The Pirate's Drink

How an Allergic Reaction Led Grateful Dane's Ian Mook to the Rum Game

With his brewing dreams dashed, he found a new love in distillation.

By Josh Davis June 18, 2018

There's some goodness in this glass.

In the last decade, craft beer has exploded. Since 2005, nearly 200 craft breweries have set up shop in Texas, a beastly 990 percent increase. But one Houston man is introducing another craft game to the Lone Star State rum distillation.
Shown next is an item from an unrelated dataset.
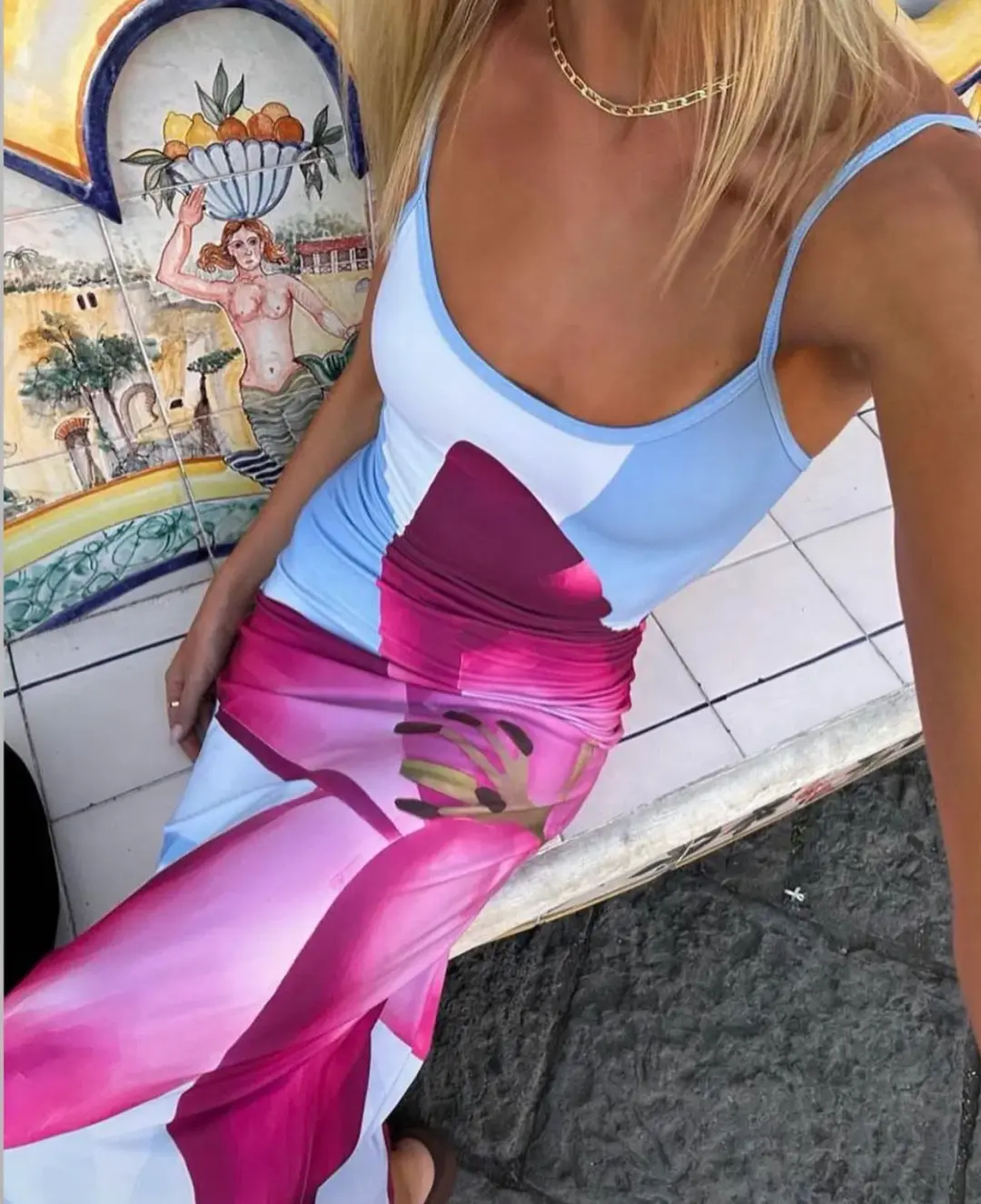 With Harper Lu Slip Sky Maxi Dress Sky Lily Size 6 for rent on The Volte - main image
Having lived in Golden, Colorado in the early ’90s while his dad worked at Coors Brewing Company, Ian Mook has always been fascinated with the brewing process. Inspired by craft beer industry trailblazers such as Jim Koch, who co-founded the Boston Beer Company, the makers of Samuel Adams, Mook eventually decided to pick up home brewing as a hobby, though it quickly went south when he discovered he’s allergic to dust particles from the grain, the essential ingredient in beer-making.

He realized that although he could still fulfill his dreams of opening a brewery, he wouldn’t be a part of the actual process, a deal-breaker for Mook. But after researching the art of beer brewing, Mook discovered an alternative to satisfy his bespoke brewing fix—distillation.

“When you’re making beer, after it’s done fermenting, you take that out and put it into a bottle. That’s your beer,” says Mook. "I realized I’m not going to be able to do this, brewing, [but] I realized [it’s] just the first step of distilling. Distilling is so much more complicated. I really appreciated it, and it drew to me more because there’s something new to learn every day.”

And in 2012, Mook founded Grateful Dane Distilling Co., Houston’s first rum distillery. Set in a garage warehouse in Gulfton, Mook’s brainchild, whose name is inspired by his Great Dane, love for music and Danish heritage, boasts three types of pirate drink: A standard white rum, a spiced variety, and an aged golden rum.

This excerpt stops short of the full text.